Uscendo dalla stretta cerchia familiare non mancano altri soggetti raffigurati dallo scultore, “ritrattista” ricercato da una clientela di livello, borghese, come il conte Brachetti Peretti (bronzo patinato, 2011) e l’imprenditore Giacomo Franceschetti, scomparso nel 2019, “presente” in mostra con la moglie e due figlie. I coniugi Giacomo e Miriam sono entrambi in poltrona, aria compunta, gambe accavallate, camicia e maniche rimboccate: l’uomo con calze d’un verde brillante, la donna con scarpe blu. Le figlie sono invece ritte in piedi: Elena a braccia conserte, tubino bianco aderente, Lilly spigliata in canotta bianca e jeans blu perfettamente spiegazzati (tutti bronzi policromi datati 2014).
Nell’intervista già citata Bergomi indicava come sua opera migliore Alma nuda sul tavolo da cucina (terracotta policroma, 2003), ora ospitata al Castello. Ma oggi l’opera più bella, forse il capolavoro dell’artista bresciano, è la gigantesca terracotta Colazione a letto (2023-2024), a grandezza naturale, assemblata in sei blocchi e del peso complessivo di due tonnellate. Sul lettone dei nonni osserviamo tre generazioni della famiglia dell’artista: Giuseppe e la moglie Alma, la loro figlia Ilaria, le nipoti Alma e Lucia. Non c’è l’altra figlia Valentina, lontana da casa mentre nasceva l’opera, impegnata in un viaggio in Sudamerica. È un tema canonico nella storia dell’arte, le tre età della vita, che si traduce in un inno alla casa e alla famiglia.
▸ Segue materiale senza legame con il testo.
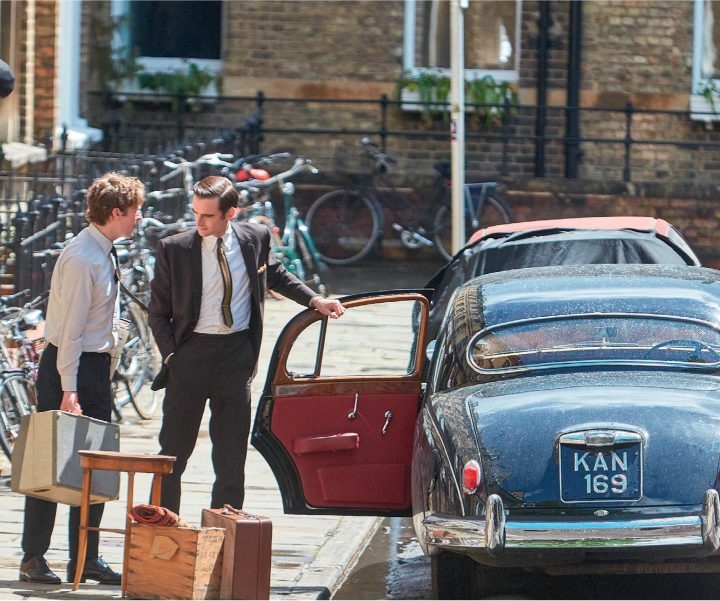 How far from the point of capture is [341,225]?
51.6ft

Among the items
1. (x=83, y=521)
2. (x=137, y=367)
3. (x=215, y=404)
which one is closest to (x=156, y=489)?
(x=83, y=521)

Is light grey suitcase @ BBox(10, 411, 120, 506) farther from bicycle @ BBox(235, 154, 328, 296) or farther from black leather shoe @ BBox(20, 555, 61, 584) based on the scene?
bicycle @ BBox(235, 154, 328, 296)

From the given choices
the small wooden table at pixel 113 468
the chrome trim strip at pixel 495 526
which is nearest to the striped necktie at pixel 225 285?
the small wooden table at pixel 113 468

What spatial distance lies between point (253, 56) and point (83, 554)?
43.8ft

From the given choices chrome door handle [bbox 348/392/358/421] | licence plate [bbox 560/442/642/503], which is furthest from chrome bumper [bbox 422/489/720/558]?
chrome door handle [bbox 348/392/358/421]

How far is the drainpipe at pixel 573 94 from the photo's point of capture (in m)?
17.0

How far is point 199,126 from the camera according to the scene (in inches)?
673

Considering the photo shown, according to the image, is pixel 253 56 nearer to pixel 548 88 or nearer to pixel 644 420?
pixel 548 88

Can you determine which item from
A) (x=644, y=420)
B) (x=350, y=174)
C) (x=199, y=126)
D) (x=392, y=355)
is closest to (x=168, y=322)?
(x=644, y=420)

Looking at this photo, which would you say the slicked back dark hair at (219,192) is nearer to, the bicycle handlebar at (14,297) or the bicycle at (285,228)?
the bicycle handlebar at (14,297)

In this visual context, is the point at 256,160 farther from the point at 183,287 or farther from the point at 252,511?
the point at 183,287

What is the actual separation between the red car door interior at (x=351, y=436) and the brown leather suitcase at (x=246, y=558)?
87cm

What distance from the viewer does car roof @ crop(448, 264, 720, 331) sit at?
5223 millimetres

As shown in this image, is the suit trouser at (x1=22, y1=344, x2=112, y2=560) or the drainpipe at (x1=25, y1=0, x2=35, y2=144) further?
the drainpipe at (x1=25, y1=0, x2=35, y2=144)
Si distacca da tutto il resto, come esempio di scultura pubblica, anche se privo di ogni intento monumentale o celebrativo, la Cacciata dal Paradiso (Covid), gesso bianco del 2023, in cui 12 figure, sei donne e sei uomini, sono posti su un cubo, e davanti a loro su un cubo più piccolo ci sono i progenitori, Adamo ed Eva. Il tema civile ed etico è ripreso nelle opere ospitate nei chiostri di Santa Giulia, come la Grande ellisse (bronzo e acciaio, 2012), con 21 figure sospese, uomini e donne nudi, in piedi o accucciati, già vista all’Expo di Milano del 2015: colpisce l’estrema naturalezza dei personaggi, tutti raffigurati dal vivo ma in una situazione improbabile, su un piano inclinato, per rappresentare la precarietà della condizione umana.
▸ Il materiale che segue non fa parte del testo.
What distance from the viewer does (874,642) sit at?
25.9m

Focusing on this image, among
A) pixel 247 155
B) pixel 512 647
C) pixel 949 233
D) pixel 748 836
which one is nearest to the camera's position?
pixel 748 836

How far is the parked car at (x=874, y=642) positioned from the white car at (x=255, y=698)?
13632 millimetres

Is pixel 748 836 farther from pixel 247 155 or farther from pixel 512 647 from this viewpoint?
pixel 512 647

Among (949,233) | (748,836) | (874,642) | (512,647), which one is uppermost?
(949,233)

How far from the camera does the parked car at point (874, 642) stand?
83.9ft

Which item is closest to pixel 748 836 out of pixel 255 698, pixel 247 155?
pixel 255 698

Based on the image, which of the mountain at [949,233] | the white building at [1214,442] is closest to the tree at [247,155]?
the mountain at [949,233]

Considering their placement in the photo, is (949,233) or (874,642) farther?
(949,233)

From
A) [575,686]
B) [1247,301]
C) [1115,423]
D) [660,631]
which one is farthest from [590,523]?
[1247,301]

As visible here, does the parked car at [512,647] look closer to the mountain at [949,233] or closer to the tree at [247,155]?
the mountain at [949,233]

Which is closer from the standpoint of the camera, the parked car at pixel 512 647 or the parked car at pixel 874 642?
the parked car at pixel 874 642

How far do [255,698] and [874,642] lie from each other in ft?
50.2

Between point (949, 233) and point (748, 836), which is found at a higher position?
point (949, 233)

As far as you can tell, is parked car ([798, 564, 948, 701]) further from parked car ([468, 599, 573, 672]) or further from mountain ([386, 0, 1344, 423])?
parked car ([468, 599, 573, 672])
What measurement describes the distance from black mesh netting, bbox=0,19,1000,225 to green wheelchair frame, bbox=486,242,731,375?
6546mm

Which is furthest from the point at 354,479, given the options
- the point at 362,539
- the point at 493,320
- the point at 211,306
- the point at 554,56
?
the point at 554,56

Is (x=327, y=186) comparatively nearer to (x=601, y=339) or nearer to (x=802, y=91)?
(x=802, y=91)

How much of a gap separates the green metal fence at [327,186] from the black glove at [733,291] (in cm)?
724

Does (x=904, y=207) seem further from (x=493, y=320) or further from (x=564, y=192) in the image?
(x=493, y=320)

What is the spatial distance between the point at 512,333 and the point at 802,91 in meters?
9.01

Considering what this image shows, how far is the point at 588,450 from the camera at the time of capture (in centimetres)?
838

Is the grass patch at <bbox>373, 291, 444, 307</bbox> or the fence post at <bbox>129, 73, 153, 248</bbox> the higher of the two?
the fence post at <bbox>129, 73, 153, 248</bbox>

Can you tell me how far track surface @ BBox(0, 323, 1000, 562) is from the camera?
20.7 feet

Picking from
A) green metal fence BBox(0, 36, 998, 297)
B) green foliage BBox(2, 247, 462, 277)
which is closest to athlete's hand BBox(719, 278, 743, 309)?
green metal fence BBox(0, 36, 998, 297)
Presentando nel 1985 a Cortina d’Ampezzo una delle prime mostre di Bergomi scultore, da lui curata, Vittorio Sgarbi notava che l’artista bresciano “predilige un’immagine statica, ferma”, ma “esteriormente quanto interiormente viva”, per aggiungere poi che “la sospensione nello spazio delle sue figure, i loro occhi persi, come lieve stato ipnotico, conferiscono all’immagine un’aura metafisica”. E infine concludeva: “Bergomi è soprattutto uno spontaneo e autentico osservatore dell’essenza del quotidiano”. Una straordinaria capacità di cogliere il mistero nascosto e la verità dei gesti di ogni giorno nella vita delle persone, che con il passare degli anni non è venuta meno.